Holographic structures on one or several planar waveguide interfaces can be generated in a computer and created with well-developed methods for fabrication of electronic integrated circuits, such as micro-lithography. Nano-imprinting also can be used. The both methods provide inexpensive mass-production of DPH devices. The planar waveguide interfaces are easily accessible for embedding the DPH structures, consisting of multiple nano-features, positioned in the configuration, optimal for a device with given parameters. The nano-features, for example, etched nano-grooves, modulate spatially the waveguide refractive index, steering light in required directions. Therefore, the DPH technology combines the power of thick (volume) holograms with easy access to the structure pattern for thin holograms and with automated manufacturing of digital holograms.

A typical DPH device comprises several million nano-features, which could be placed in a huge number of combinations, but only a few of them will be working efficiently. Finding optimal configuration of the nano-features is the main task during device design. This can be accomplished only with specialized software, running on a powerful computer.

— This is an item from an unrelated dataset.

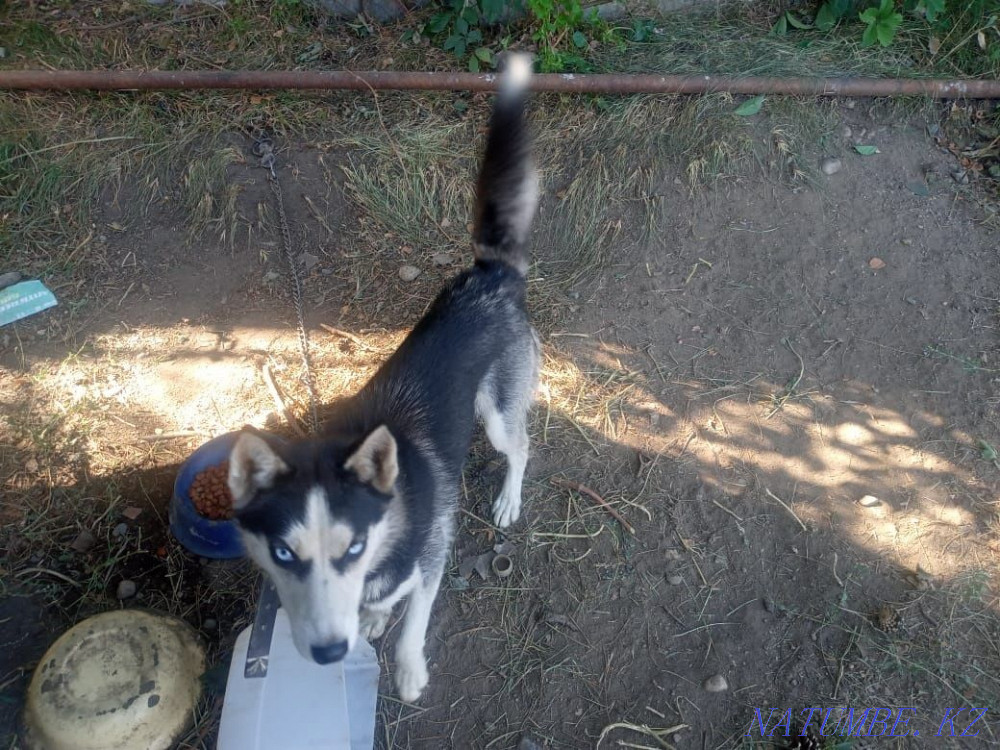 Тез арада хаски сатылады  Алматы - изображение 2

NOD proprietary programs provide design and simulation of DPH structures and are a crucial part of the DPH technology. Optical transfer functions are encoded in the positions of millions of identical grooves (lines), ~ 100 nm wide each. Both design and simulation of DPH devices rely strongly on theoretical physics and computer science.

A high magnification image of a DPH structure (a small fragment of a high resolution dispersive nano-grating), obtained with a scanning electron microscope, is presented below.

Our devices are fabricated on standard wafers and diced in small chips. Typically the waveguide core is 200 - 600 nm thick, while nano-grooves, embedded into it are ~100 nm wide and 10 - 100 nm deep. The size of a typical DPH nano-grating is shown in the next photo in comparison with a coin.

The DPH devices beat competitors in size and performance. They can be easily customized for multiple applications. For example, we can design and fabricate nail-sized nano-gratings for absorption, emission, and Raman spectroscopy. The DPH technology is beneficial also for optical interfacing multiple active and passive photonic devices on the same chip, for combining or separating multiple laser beams, for increasing laser efficiency, and many other applications.

The nearest future Applications for the DPH technology are Nano-Spectrometers, Nano-Sensors, and Integrating Elements for Planar Lightwave Circuits.